NEW YORK, July 17 (Reuters) - A former Goldman Sachs
and Blackstone analyst was sentenced to 28 months
in prison on Wednesday for insider trading, after admitting that
his conduct was "catastrophically stupid."
Anthony Viggiano, 27, of Baldwin, New York, was sentenced by
U.S. District Judge Valerie Caproni in Manhattan, after pleading
guilty in January to securities fraud.
Viggiano was accused of passing tips on eight planned
corporate mergers and partnerships between 2021 and 2023 to
college friend Stephen Forlano and construction sales
representative Christopher Salamone, a childhood neighbor.
Prosecutors said the scheme resulted in more than $400,000
of illegal profits for Salamone and Forlano, both of whom have
also pleaded guilty, with Viggiano receiving $35,000 from
Salamone in a bag of cash.
Forlano passed some tips to a U.S. Army captain he was
friends with, prosecutors added.
The eight transactions included American International
Group's ( AIG ) sale of part of a business to Blackstone, and
the purchase of satellite operator Maxar Technologies by private
equity firm Advent International, a Goldman client.

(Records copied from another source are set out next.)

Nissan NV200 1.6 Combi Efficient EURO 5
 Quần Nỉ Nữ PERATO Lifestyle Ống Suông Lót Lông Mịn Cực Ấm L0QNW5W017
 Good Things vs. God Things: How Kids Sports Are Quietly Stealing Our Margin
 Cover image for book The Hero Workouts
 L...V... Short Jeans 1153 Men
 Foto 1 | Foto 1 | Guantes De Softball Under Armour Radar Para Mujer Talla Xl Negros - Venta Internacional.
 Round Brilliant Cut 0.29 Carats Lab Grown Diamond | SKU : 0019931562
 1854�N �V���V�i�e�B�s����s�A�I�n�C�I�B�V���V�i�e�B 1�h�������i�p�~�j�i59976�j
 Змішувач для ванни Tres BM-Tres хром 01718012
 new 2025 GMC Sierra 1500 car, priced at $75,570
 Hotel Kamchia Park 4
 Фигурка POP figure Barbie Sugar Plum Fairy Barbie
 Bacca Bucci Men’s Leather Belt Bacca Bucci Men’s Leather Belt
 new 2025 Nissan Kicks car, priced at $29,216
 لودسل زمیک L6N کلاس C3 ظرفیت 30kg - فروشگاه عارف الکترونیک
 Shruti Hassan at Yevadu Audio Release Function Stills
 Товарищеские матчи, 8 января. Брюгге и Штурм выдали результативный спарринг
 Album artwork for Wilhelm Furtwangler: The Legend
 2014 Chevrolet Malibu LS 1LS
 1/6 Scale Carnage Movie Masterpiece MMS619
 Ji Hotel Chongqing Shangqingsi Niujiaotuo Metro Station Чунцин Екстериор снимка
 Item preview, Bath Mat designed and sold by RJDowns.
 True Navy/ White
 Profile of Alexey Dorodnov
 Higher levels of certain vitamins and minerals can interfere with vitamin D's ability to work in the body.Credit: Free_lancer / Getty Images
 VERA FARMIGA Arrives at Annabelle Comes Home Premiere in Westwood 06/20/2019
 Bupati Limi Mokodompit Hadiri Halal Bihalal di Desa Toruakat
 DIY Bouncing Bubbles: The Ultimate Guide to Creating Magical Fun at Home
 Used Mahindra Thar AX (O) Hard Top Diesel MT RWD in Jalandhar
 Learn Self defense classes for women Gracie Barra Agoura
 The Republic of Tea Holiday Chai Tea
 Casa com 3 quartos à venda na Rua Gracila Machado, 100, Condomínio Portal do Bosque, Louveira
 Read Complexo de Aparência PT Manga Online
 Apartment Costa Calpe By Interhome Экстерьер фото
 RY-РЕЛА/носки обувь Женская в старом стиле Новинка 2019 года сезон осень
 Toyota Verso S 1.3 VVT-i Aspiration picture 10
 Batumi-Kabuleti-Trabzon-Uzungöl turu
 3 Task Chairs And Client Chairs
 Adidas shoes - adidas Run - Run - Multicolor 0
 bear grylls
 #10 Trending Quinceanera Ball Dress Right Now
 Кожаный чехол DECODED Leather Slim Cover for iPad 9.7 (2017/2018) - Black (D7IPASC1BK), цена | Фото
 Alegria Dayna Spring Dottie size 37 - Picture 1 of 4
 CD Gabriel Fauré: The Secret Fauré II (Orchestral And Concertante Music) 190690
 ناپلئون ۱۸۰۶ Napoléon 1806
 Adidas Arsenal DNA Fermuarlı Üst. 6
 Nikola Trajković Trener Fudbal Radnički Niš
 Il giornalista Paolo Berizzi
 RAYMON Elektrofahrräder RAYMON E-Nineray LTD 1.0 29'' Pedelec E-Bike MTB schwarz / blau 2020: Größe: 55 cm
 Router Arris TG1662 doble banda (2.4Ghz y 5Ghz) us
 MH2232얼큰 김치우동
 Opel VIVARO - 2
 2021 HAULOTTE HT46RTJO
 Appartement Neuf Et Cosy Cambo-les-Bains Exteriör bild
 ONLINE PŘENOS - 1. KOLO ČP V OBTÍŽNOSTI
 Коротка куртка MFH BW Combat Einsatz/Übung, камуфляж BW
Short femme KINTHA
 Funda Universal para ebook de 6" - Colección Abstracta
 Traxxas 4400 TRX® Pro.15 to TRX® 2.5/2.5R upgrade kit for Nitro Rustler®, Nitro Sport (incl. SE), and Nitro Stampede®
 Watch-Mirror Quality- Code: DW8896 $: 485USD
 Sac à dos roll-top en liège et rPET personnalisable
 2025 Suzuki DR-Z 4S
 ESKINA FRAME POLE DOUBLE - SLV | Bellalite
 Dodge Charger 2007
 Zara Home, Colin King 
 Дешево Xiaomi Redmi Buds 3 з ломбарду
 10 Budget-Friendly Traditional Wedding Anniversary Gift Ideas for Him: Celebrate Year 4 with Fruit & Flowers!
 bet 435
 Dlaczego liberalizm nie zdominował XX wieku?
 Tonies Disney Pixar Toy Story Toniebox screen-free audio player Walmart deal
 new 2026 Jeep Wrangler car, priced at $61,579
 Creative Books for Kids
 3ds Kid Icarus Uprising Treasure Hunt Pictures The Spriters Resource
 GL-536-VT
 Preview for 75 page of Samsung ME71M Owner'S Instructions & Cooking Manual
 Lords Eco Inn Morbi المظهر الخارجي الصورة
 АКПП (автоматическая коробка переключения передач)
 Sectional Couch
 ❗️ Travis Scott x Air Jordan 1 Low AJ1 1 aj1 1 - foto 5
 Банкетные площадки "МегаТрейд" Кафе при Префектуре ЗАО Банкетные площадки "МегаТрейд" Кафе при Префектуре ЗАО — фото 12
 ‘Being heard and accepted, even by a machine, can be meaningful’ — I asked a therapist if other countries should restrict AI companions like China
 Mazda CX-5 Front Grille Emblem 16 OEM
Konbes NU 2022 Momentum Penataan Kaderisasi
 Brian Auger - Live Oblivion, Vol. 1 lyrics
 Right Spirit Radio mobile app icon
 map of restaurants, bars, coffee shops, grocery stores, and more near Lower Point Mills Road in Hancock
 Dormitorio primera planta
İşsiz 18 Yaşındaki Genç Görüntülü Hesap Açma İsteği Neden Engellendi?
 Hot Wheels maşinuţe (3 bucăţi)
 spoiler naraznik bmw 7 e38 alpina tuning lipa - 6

Prosecutors had sought 30 months in prison, calling Viggiano
"far more financially sophsticated" than his friends and "the
most culpable."
Viggiano's lawyers sought one year in prison, saying the
case involved not "staggering greed" but "seemingly overgrown
frat boys."
They also said Viggiano hopes to reenlist in the U.S. Marine
Corps, where he served in 2019 before fracturing his hip.
In a letter to the judge, Viggiano said he believed his
actions would help his friends address financial hardships, but
that in hindsight "this was a catastrophically stupid decision."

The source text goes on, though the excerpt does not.